Lore and Rodriguez mentioned wanting to replace the Target Center, which Taylor renovated in 2017 but is the NBA’s second-oldest arena. Lore said they were “nowhere near” building a new arena, but he had plans to do so. “There’s a great opportunity,” Lore said, “to eventually build a new arena and infuse it with the latest technology.” Owners often leverage moving the team to use more tax money to build the arena, meaning they may not have been fully committed to keeping the team in Minneapolis.

Taylor agreed to sell the Timberwolves to Lore and Rodriguez for $1.5 billion. Since then, Mat Ishbia bought the Phoenix Suns for $4 billion, Mark Cuban sold the Dallas Mavericks for $3.5 billion, and Michael Jordan sold the Charlotte Hornets for $3 billion. The Wolves are likely worth between $2.5 and $3 billion now. Part of that is because we have more information after three team sales. Part of that is the NBA is eyeing a new $75 billion media-rights deal after the 2024-25 season. However, the Wolves are also more valuable because they have Anthony Edwards and are a winning team.

In May 2022, Lore and Rodriguez compiled a list of five presidents of basketball operations who they wanted to hire to replace Rosas. Former Denver Nuggets GM Tim Connelly was among them, and the Wolves moved aggressively to pry Connelly from Denver. They offered him a five-year, $40 million contract with an equity kicker, and Connelly quickly built a contending team.
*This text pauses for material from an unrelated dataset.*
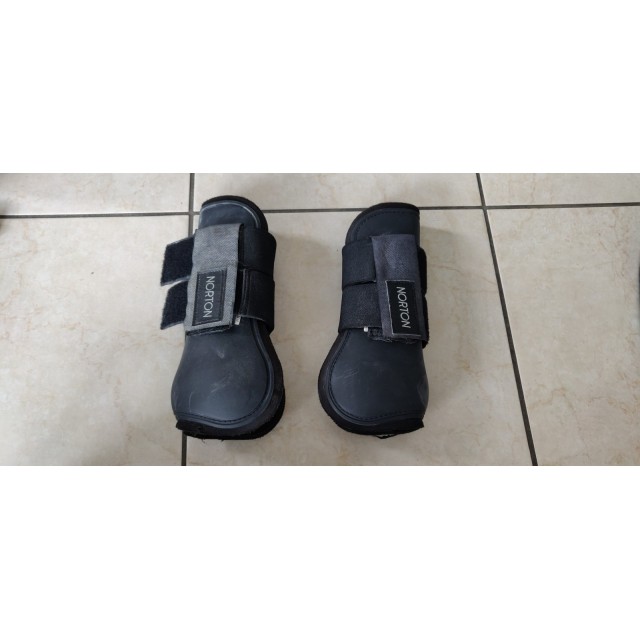 Guêtres antérieures noires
He made a controversial trade for Rudy Gobert that has worked out this season and has found value along the margins. Connelly acquired Mike Conley to replace D’Angelo Russell and got Nickeil Alexander-Walker as a throw-in. He traded for Monte Morris to back up Conley at the deadline. Connelly has also signed Edwards, Karl-Anthony Towns, and Naz Reid to extensions, locking in a winning core. As a result, the Wolves reached 50 wins faster than any other team in franchise history this season.
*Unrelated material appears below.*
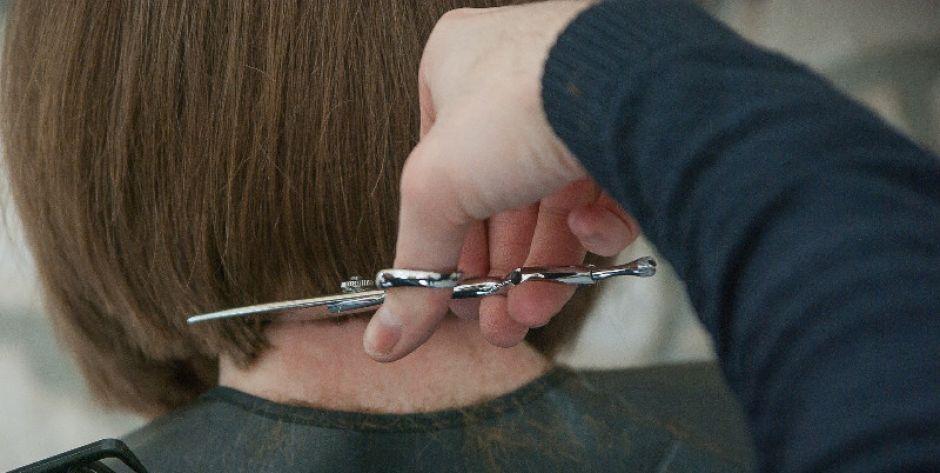 Gabinety fryzjerskie i kosmetyczne w większości zamknięte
However, Rodriguez and Lore have reportedly missed multiple deadlines to purchase the Timberwolves. In August 2022, the New York Post reported that Rodriguez’s breakup with Jennifer Lopez jeopardized his ability to buy the Wolves. Taylor says he won’t sell the Timberwolves to Lore and Rodriguez because they missed a deadline on March 27. Lore and Rodriguez say he has seller’s remorse because the franchise is worth more than it was three years ago.

It’s hard to know the extent to which Lore and Rodriguez are responsible for Minnesota’s increased value. The Suns, Mavericks, and Hornets’ sales helped increase their value, as will the NBA’s new TV deal. But the Wolves are also more valuable as a winning team with Edwards under contract. How much should we credit Lore and Rodriguez for replacing Rosas with Connelly? Would they have moved the team if they didn’t get a new arena deal? And will the Timberwolves regress if Taylor remains the principal owner?

Three years after Taylor surprisingly decided to sell to Lore and Rodriguez, we still don’t know the crucial aspects of Timberwolves’ ownership. We know they’ve increased in value, but we don’t know who’s responsible for it.